I watched this one over a month ago but forgot to include it here. It’s good in the way that army training movies tend to be (it’s an easy conceit to build something around), and it doesn’t break any new grounds or anything, and other movies have done it better (ahem, Full Metal Jacket), but I still enjoyed it. Some of the homophobic language used is hard to take now — and in fact it’s something that you often come across as you watch a lot of moveis from that era — but you have to imagine also that that’s probably the type of language that was used in that environment/context. Not the best of Eastwood’s movies, and it has its share of 80s cheesiness, but it’s not bad either.
I think I sorta remember hearing about this movie back then, but I don’t think I had watched it, and it wasn’t something I was planning on watching during my 1986 movie marathon, but it got suggested by a friend of mine, and I’m glad I followed his recommendation. Look, this is not a good movie, but more importantly, it’s a joyful expression of what the 80s were like, and for that alone it’s worth watching. Cheesy scene after cheesy scene, it all feels so innocent, in a way that you just don’t see anymore (sadly). I had a BMX like those kids, and we had a BMX track in our neighborhood that was sort of like the one you see in the movie, and so I could totally see myself in that world again.
Juste like The Name of the Rose, this is another movie from 1986 that has aged very well. It always gets unfairly compared to The Silence of the Lambs (or later Red Dragon, from which it is an actual adaptation of), and Silence certainly is a classic in its own right, but this is great too. Brian Cox plays a fantastic Lecter, and Michael Mann is already showing what a great director he is (and would continue to be). Some of the soundtrack hasn’t aged so well maybe, but I still quite enjoyed re-watching this.

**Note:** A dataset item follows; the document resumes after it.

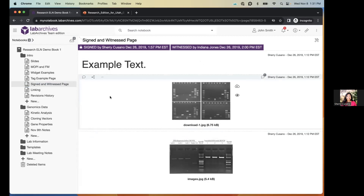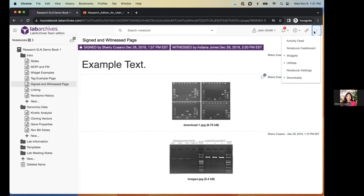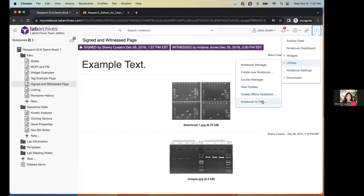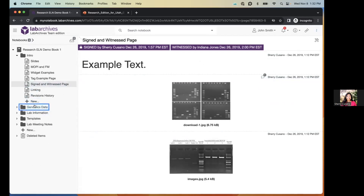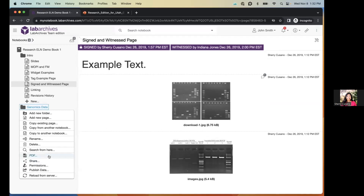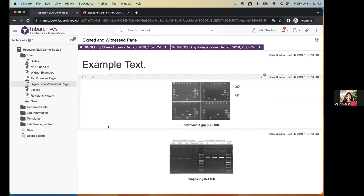To export your notebook or parts of it, you can generate a PDF or an offline notebook. Click the triple-dot menu, hover over 'Utilities,' and select 'Create Offline Notebook' or 'Notebook to PDF.' You can also right-click a folder or page and select 'PDF.' PDF versions are more reader and printer friendly, but any files in the notebook appear as links to the file online. For a high-fidelity backup accessible without internet, create an offline notebook — it generates your notebook as a zip archive of HTML files.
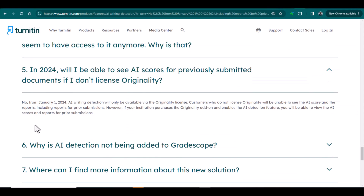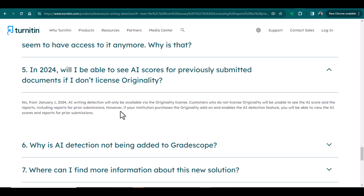You can also confirm it from the Turnitin website, and here it is clearly mentioned that from January 1st 2024, AI writing detection will only be available via the Originality license. Customers who do not license Originality will be unable to see the AI score and the reports, including the reports for prior submissions. However, if your institute purchases the Originality add-on and enables the AI detection feature, you will be able to view the AI scores and the reports for prior submissions as well.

I loved this movie back then (although I’m not sure if I really watched in when it was released in ’86 or a few years later), and it’s still great. It’s an interesting mystery (even if you already know the solution) and I always thought that the setting (medieval monastery) was such a great one. Definitely a movie that has aged quite well.
I quite enjoyed watching this. Although I remembered the title, I didn’t really remember watching it back in the day — which I find pretty surprising — and when I started it I was completely surprised to see a young (and very lovely) pre-Twin Peaks Sherilyn Fenn in this, and didn’t remember that it starred Charlie Sheen (and funny enough, that night I did a double bill with Maximum Overdrive, starring his brother). This movie is one of the most 80s things I’ve watched in my current 1986 movie marathon, and I mean this in a good way, with a soundtrack that really puts you in that era. Sure, it’s cheesy as all hell, but it was really fun to watch.
I didn’t have great memories about this movie — in fact, I remember thinking it was pretty lousy. Watching it again now, it’s just as ridiculous as I remembered it being, but there was a bit of fun to be had re-watching all of this ridiculousness. Yeardley Smith is pretty entertaining. And the AC/DC soundtrack is good, and I love the riff-heavy sound effect they use a few times when a machine is about to kill someone.
This is not a good movie. To be fair, I sorta remembered it wasn’t a good movie, but I was still in the mood to take it in, and there was some nostalgic fun in seeing just how “Cannon” it feels. It looks cheap, it feels cheap, and although Louis Gossett Jr. does a decent job in it, you’re immediately reminded of just how bad an actor Chuck Norris really is. Unless you have some childhood memories of this, there’s absolutely no reason to watch it. Oh, the one bit I did find incredibly weird and fun was that the baddie — some sort of Aztec assassin — has a scene where’s he’s reading an issue of Marvel’s New Universe comic Psi-Force. I shit you not.